Während der vergangenen 14 Tage war ich hauptsächlich mit meiner ersten richtigen Lehrtätigkeit beschäftigt. Ich habe von Prof Krom das letzte Drittel seiner Vorlesung "Applied and Environmental Geochemistry" übernommen und versuche den Studenten Oberflächenchemie nahezubringen. Sehr wenig Zeit für sehr komplexe Zusammenhänge. Die Studenten nehmen hier an einem einjährigen Programm teil, das ihnen, aufbauend auf einem Bachelor's Degree einen Master in Geochemie, also so etwas wie ein Diplom, einbringen wird.

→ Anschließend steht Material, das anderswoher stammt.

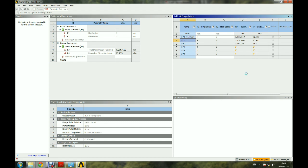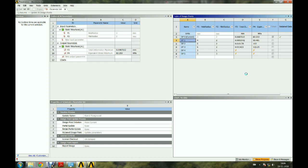The solver directly provides quick results for different geometry configurations. In this way we can quickly perform design iterations and optimize the geometry.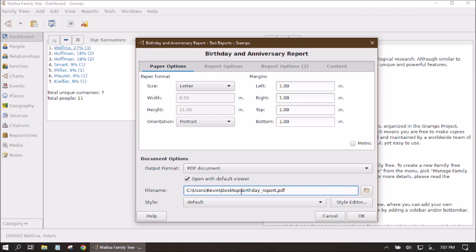Underneath that is the File Name, showing where the report will be saved and what it will be named. If you want to change the file name, just change the text right before the period and file extension. If you want to change the save location, click the little icon to the right and choose a new folder. I'll leave mine on the desktop so I can find it quickly.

Ich habe frühzeitig angefangen vorzubereiten, fühle mich aber nach der ersten Hälfte ziemlich fertig. Inzwischen weiß ich, wie gut ihr Hintergrund in Chemie oder Geologie ist, was ich nicht vorraussetzen darf und immer erst erklären muß, bevor ich zur eigenlichen Thematik meiner Vorlesung vorstoßen kann. Das ist einer der Gründe, warum ich mit meinem Stoff hinterher bin. Der andere ist sicherlich, daß ich immer noch Anfänger bin und langsam und umständlich spreche, und manchmal nach Worten suche. Aber "langsam" ist ja nicht unbedingt schlecht. Inzwischen frage die Studenten auch nach, wenn sie etwas nicht verstanden haben, oder sagen mir, wenn sie gerne zusätzliche Info oder ein handout haben wollen.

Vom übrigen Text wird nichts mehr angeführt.